In one embodiment, the invention features a well casing for receiving well fluid from a producing formation. The well casing has a first tubular section that has a tortuous outer surface for directing the flow of a bonding agent around the exterior of the first tubular section. The first tubular section has a central passageway. The well casing also has a second tubular section that is coaxial with and is connected to the first tubular section. The second tubular section has at least one opening for directing well fluid into a central passageway of the second tubular section.

In other embodiment, the invention features a well casing for receiving well fluid from a producing formation. The well casing has a tubular section that has a central passageway for receiving well fluid and a port for directing a bonding agent from the central passageway to a region outside of the tubular section. The casing has a wiper that is slidably mounted on an outer surface of the tubular section and is configured to apply pressure to the bonding agent.

In another embodiment, the invention features a method for use in a well. The method includes using a central passageway of a tubing to receive well fluid from a producing formation and using a tortuous outer surface of the tubing for directing the flow of a bonding agent around an exterior region of the tubing.

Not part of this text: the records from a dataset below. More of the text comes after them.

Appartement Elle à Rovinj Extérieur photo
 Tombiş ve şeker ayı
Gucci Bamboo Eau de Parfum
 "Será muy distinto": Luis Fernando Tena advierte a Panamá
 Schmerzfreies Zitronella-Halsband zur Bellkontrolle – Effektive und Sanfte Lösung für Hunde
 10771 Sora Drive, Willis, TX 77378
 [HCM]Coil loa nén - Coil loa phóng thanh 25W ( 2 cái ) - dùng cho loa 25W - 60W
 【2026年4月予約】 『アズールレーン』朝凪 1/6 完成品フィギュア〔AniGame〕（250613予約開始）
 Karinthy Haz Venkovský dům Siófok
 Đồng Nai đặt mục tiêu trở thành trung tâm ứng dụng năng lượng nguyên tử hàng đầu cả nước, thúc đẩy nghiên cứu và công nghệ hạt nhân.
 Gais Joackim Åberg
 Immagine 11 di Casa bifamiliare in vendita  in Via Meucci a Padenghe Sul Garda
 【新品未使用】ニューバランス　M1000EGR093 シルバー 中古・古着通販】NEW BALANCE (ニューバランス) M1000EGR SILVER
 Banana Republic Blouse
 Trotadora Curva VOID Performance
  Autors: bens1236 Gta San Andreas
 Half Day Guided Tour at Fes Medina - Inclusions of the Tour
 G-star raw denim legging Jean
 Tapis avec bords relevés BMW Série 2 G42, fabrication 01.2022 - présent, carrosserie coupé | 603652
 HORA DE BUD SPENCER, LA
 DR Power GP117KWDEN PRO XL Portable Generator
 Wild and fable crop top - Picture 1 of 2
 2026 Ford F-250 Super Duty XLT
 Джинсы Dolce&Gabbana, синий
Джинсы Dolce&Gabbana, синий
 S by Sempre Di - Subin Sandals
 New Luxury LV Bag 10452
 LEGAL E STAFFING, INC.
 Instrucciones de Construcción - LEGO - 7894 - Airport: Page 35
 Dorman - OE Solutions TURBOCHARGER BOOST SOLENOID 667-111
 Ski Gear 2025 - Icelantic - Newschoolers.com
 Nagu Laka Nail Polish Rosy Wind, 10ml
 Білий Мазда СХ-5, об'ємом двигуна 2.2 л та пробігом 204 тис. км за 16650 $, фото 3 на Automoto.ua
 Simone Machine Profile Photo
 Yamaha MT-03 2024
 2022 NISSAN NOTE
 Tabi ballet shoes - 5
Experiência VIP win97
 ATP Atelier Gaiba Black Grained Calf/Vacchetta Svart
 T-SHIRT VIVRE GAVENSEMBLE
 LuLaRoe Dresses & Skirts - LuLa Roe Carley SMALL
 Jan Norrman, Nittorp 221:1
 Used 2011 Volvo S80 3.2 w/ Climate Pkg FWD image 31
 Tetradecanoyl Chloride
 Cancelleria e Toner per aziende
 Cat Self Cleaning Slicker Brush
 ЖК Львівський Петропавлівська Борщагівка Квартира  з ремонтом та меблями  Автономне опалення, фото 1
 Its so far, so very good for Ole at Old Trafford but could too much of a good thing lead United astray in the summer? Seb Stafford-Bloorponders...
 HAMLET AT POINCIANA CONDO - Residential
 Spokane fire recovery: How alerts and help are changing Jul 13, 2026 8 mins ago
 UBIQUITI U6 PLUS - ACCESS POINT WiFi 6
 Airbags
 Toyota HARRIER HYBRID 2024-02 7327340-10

In yet another embodiment, the invention features a method for use in a well. The method includes using a central passageway of a tubing to receive well fluid from a producing formation and using a wiper on the outer surface of the tubing to direct flow of a bonding agent around an exterior region of the tubing.

FIG. 1 is a schematic diagram of a lateral well bore of the prior art.

FIG. 2 is a schematic diagram of a well casing according to one embodiment of the invention.

FIG. 3 is a schematic diagram of an insulation zone of the well bore of FIG. 2.

FIG. 4 is a cross-sectional view taken along line 4--4 of FIG. 3.

FIG. 5 is a cross-sectional view taken along line 5--5 of FIG. 3.

FIG. 6 is a schematic view illustrating the injection of cement within the well bore.

FIG. 7 is a schematic diagram of an alternative embodiment of the isolation section of the invention.

FIGS. 8 and 9 are schematic diagrams of well casings according to other embodiments of the invention.

FIGS. 10 and 11 are schematic diagrams of portions of tubing.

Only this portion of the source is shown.